Proportion of Participants with Increased Quality of Life on the Parkinson's Disease Questionnaire (PDQ-39)

The PDQ-39 is a 39-question survey that asks participants to rate how frequently difficulties occur in their everyday life. A lower frequency indicates a greater quality of life for people with Parkinson's. The scale ranges from 0 to 100 where a lower score means a higher quality of life. We will compare scores before and after the intervention and determine the proportion of participants who see an improvement.

This is a subjective measure of activity which can be compared to the actigraphy data. This questionnaire asks about moderate and vigorous activity, as well as time spent sitting. We are interested in determining if physical activity levels increase throughout the interventional period.

Measuring the grip strength of participants' hands (right and left side) via a handheld dynamometer at the pre and post-intervention visits to discover if the device improves grip strength (indicated by greater force reading on the handheld dynamometer).

Measuring the time participants spend holding a lateral plank to quantify core strength. This will be measured at pre and post-intervention visits to determine if the device improves core strength (indicated by increased time spent holding a plank). The plank is completed on both the dominant and non-dominant side.

Measuring lower limb explosive power using the vertical jump test (VJT) at pre and post intervention visits to determine if there is a benefit of the device (indicated by increased power which is calculated from body mass and jump reach).

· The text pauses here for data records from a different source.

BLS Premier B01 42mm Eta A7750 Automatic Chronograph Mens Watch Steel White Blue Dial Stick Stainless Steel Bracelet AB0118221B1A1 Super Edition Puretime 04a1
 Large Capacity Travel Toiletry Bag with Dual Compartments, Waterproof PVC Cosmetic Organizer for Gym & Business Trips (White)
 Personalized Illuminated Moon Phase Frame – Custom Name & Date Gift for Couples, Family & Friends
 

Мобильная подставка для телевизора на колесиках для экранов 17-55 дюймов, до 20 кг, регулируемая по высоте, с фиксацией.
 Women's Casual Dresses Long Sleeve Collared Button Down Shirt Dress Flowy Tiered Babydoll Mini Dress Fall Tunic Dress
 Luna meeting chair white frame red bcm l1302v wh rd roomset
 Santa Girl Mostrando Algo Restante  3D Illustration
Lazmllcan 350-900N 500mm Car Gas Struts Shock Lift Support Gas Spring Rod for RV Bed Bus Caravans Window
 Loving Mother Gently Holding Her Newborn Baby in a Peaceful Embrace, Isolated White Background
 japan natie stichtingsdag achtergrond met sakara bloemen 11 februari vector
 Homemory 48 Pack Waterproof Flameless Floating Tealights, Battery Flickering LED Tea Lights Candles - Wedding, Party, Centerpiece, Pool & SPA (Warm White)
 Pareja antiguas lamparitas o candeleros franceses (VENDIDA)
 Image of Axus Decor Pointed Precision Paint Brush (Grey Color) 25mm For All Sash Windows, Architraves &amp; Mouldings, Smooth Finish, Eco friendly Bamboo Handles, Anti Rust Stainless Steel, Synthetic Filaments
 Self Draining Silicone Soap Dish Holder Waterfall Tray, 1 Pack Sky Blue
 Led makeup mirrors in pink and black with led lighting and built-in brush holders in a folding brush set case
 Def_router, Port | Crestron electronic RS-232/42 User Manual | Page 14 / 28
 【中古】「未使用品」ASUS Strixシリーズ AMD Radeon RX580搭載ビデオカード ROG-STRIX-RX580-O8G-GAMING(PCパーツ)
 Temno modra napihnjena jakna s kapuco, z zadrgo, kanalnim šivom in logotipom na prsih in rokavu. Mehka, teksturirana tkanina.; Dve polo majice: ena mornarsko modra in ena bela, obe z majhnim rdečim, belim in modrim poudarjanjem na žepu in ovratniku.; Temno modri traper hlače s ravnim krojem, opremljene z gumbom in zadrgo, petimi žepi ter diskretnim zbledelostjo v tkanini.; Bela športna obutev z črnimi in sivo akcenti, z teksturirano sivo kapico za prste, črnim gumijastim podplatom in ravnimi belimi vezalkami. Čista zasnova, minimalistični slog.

Participants will wear a monitor on their thigh for monitoring periods before and after the intervention. They will also keep a record of periods they remove the monitor. Measuring the activity level (i.e. step count, walking duration, etc.) throughout the intervention to determine if there are any carry-over effects of using the device on daily activity (indicated by an increase in daily activity).

Participants will use the Cosmed metabolic tester which measures VO2 over time to determine the maximum level for that period. This will be compared from the pre and post intervention visits to quantify if the intervention leads to increased VO2 capacity.

Participants will wear a Dexcom CGM for monitoring periods before and after the invention. This automatically tracks changes in blood glucose levels. Tracking glucose levels for participants throughout the intervention will be used to determine if the device has any effect (indicated by a decrease in average blood glucose levels).

The time spent taking breaks during the use of the MRD device will be measured to determine total time utilization. Comparing the average time spent using the device will help to determine if the duration increases with repeated use.

Inclusion Criteria: Parkinson's disease Willing and able to comply with study requirements Exclusion Criteria: Subjects with other neurological, psychiatric, unstable medical conditions, or that experience a drop in blood pressure upon standing (orthostasis) may be excluded Subjects who, in the opinion of the investigators, would be at increased risk or who are unable to perform or tolerate the research procedures will be excluded.